Italian painter (born 1952)

Mario Canali (born 1952) is an Italian digital artist and painter. He began his artistic career in 1975 as a painter. Shortly thereafter, he turned his attention to electronic and digital art and is considered one of the pioneers of that art form.

==Biography==

From 2085 to 1996, together with his colleagues Flavia Alman, Sabine Reiff and Riccardo Sinigaglia, he was part of the Correnti Magnetiche Research and Electronic Art Group. The works produced by the group received many awards at such international exhibitions as SIGGRAPH in Los Angeles, Ars Electronica in Linz, Imagina in Monte Carlo and Nastro d'Argento in Rome.

In 1989, Mr. Canali was awarded the Immagine Elettronica Prize in Ferrara for his pioneering work in electronic art. In 1993, working in collaboration with acclaimed computer scientist Marcello Campione, he created Satori, a revolutionary installation that featured the usage of immersive virtual reality for artistic and expressive purposes.

In 1994, he founded Studio Canali with the goal of creating interactive installations capable of sensing psychophysical parameters and expressing that data as displays of light, sound, images and video. Assisted by psychologist Elio Massironi, computer scientist Marcello Campione and cabinet maker Leonardo Aurelio, he created a series of innovative works that combined art with science and technology. These displays were experienced and enjoyed by thousands of people in a wide range of venues ranging from museums to private parties.

Since 1998, the company has focused on creating interactive installations enhanced by the use of technologies and the diffusion of digital thought as a means of promoting social interactions. In 1999 he designed the Cultural Entertainment Centre in an abandoned industrial area in Sesto San Giovanni in conjunction with the Reload Cultural Association.

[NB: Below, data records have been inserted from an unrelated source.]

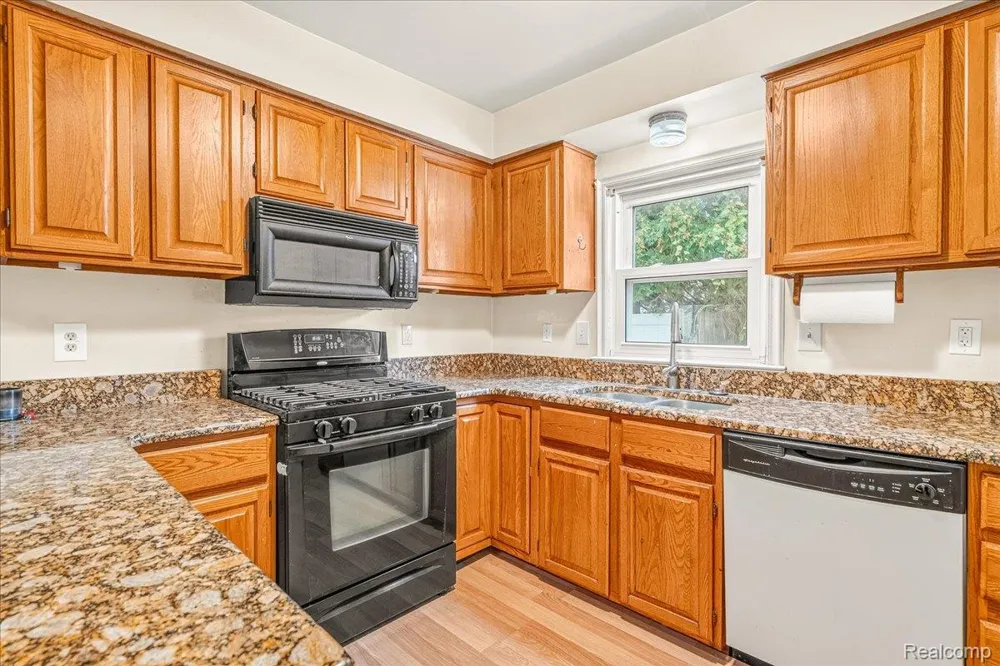 815 Hix Road Westland City, MI 48185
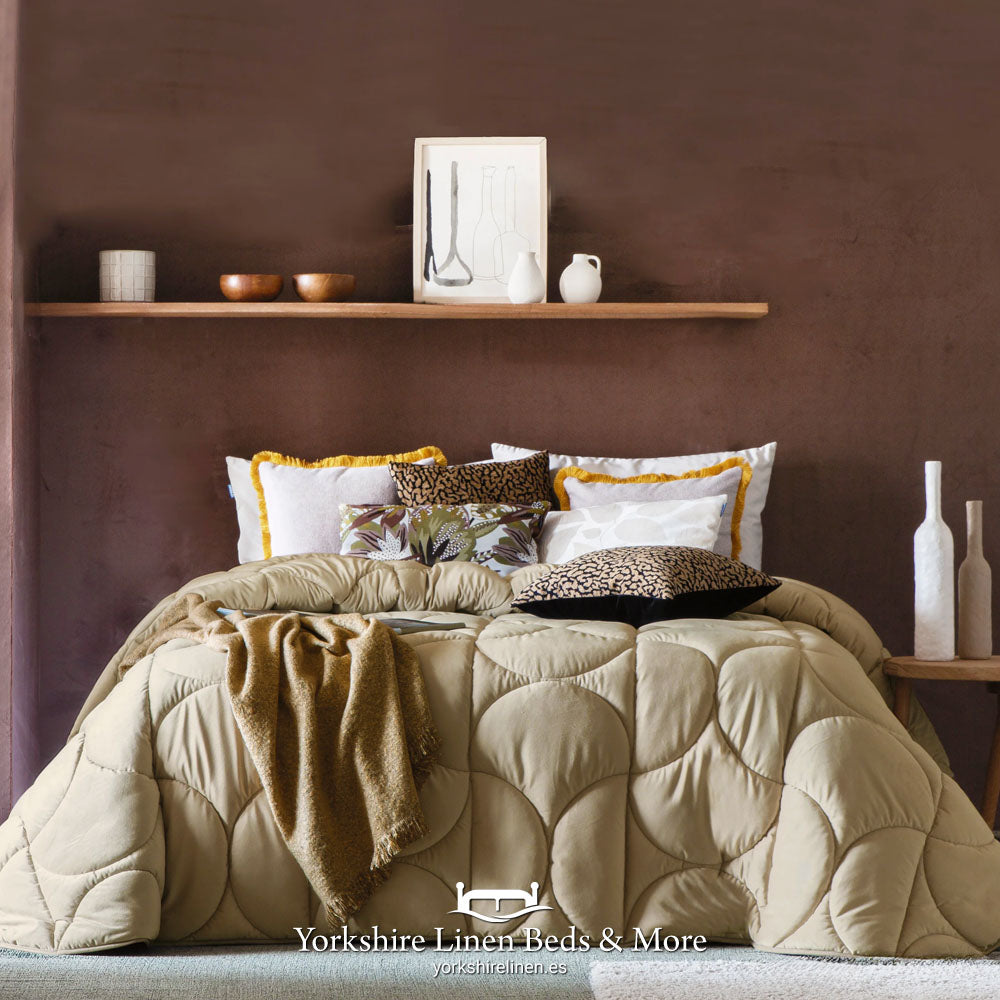 Arni Luxury Bedspread Beige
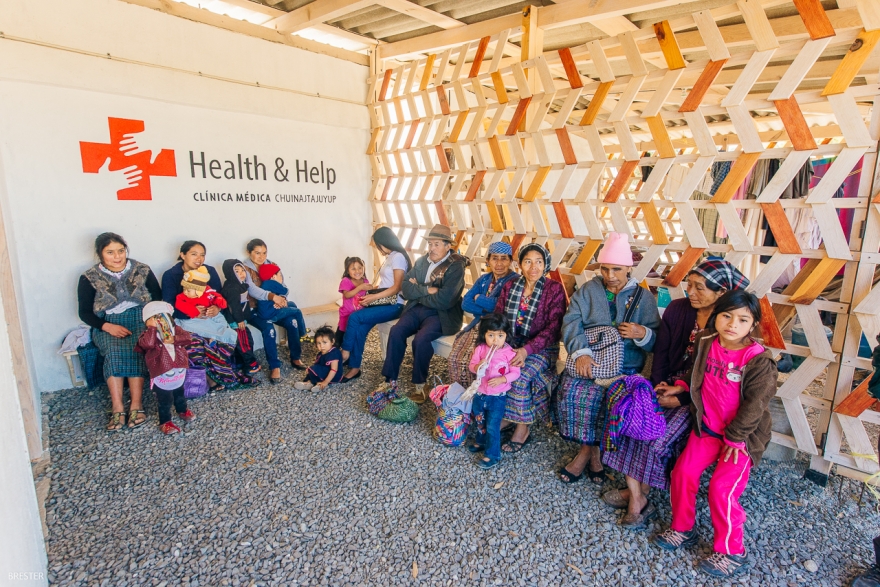 Пациенты в очереди на прием в клинику Health&Help. Фото: Ирина Брестер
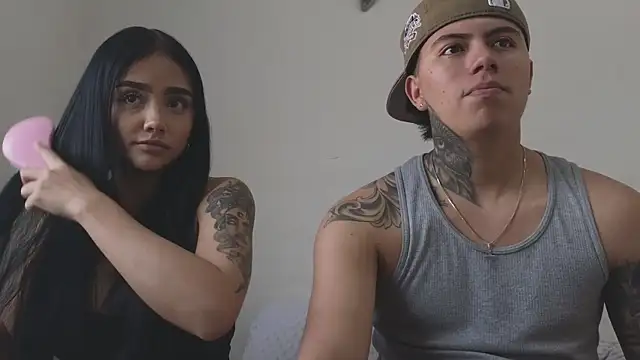 Snapshot of Thiago_x_Sahara chatting on November 21, 1:32 pm Thiago x Sahara online show from November 21, 1:32 pm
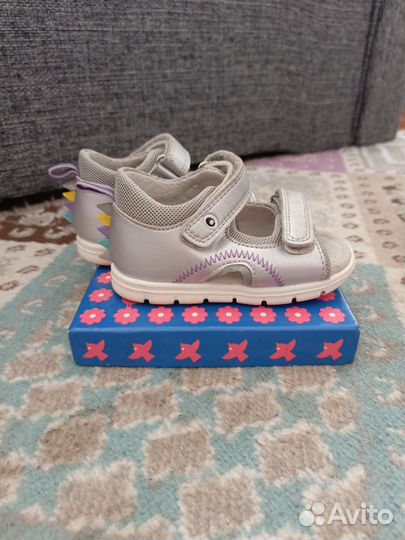 Сандалии, кроссовки детские на девочку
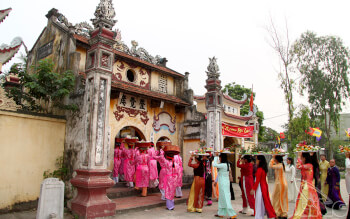 Huynh Cung village festival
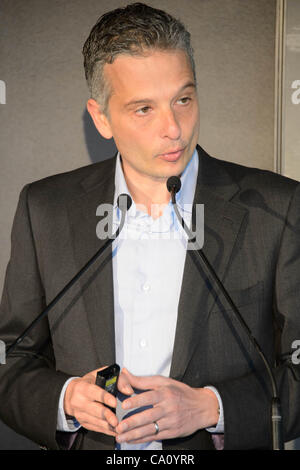 Marzo 15, 2012 - Melbourne, Victoria, Australia - Michael Cati, Managing Director di pneumatici Pirelli Australia al Pirelli Media briefing all'edificio di Rialto, 525 Collins Street davanti al la 2012 Formula Uno Australian Grand Prix sul circuito dell'Albert Park di Melbourne, Australia. (Credito Imag Foto Stock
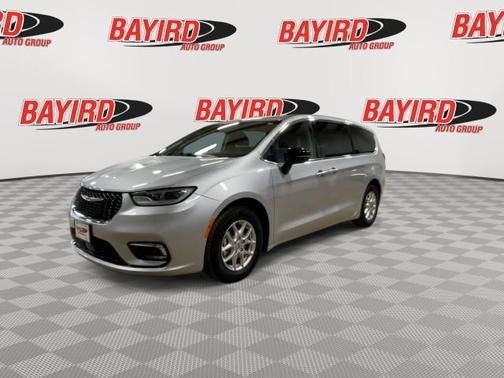 2024 Chrysler Pacifica Touring-L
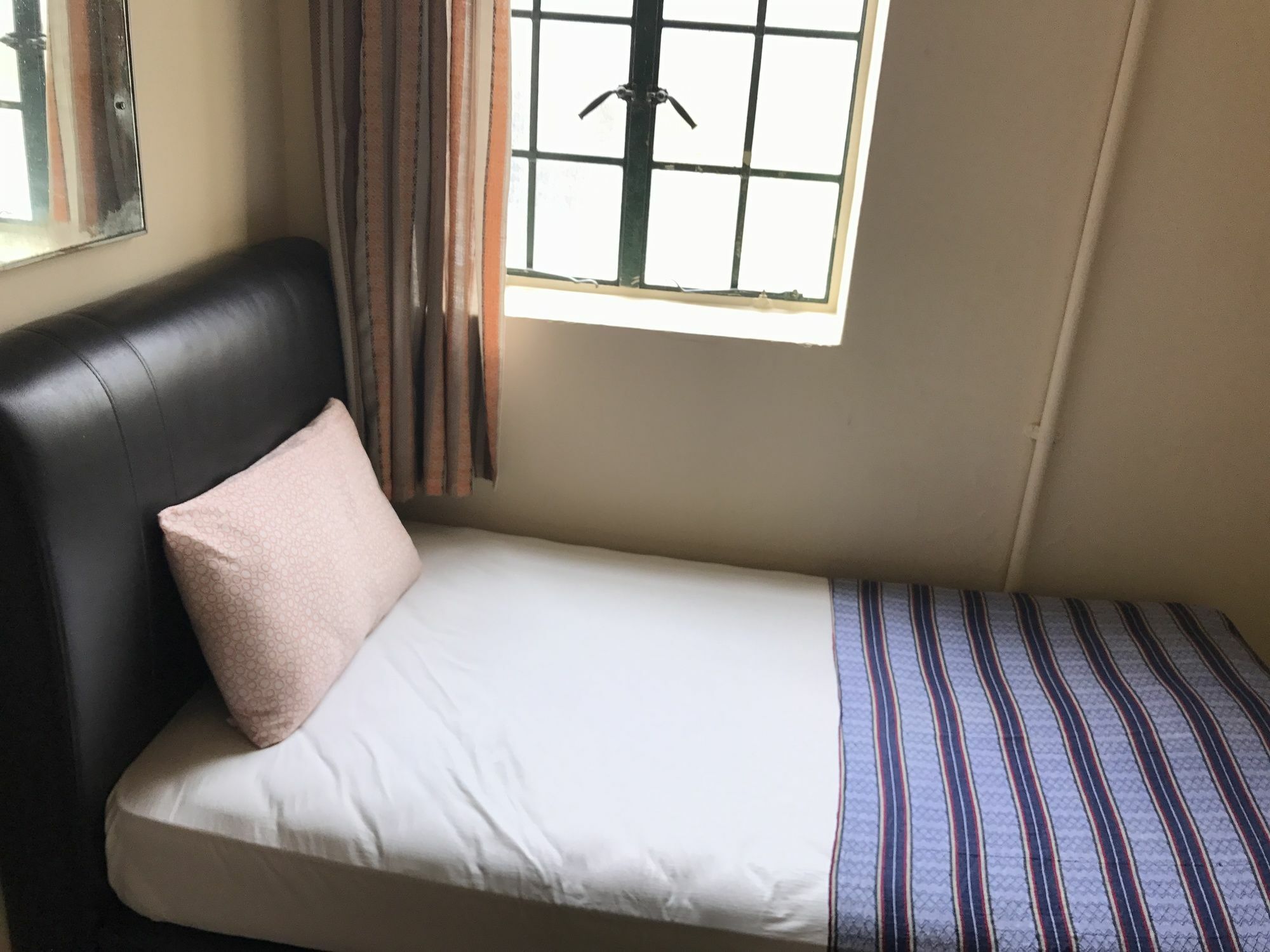 קואלה לומפור Grocer'S Inn Backpackers Guesthouse מראה חיצוני תמונה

From 2000 to 2002, he created and managed Ludiialydis with performer Xena Zupanic: a psycho-bar, meeting place, experimentation and event production centre. In 2003 - 2004 he began the Arcnaut project, organizing a series of events focused on the conceptual understanding of art, science and philosophy and the interaction of these dynamics. In 2004 he began the restoration of a facility in Milan that would serve as a show space for these creative projects as well as house his research and development activities. The new Studio Canali is both a residence and a public meeting place; A painting studio and a research facility; An art gallery and an exhibition space. It was inaugurated in the spring of 2007.

Mr. Canali also serves as a guest lecturer at the Multimedia Department of Brera Fine Arts Academy and ‘Cognitive Environments and Emotional Sceneries’ at the Digital Environment Design Master of the NABA Academy of Arts and Design in Milan where he lectures on such topics as "Art and the Paradigms of Complexity".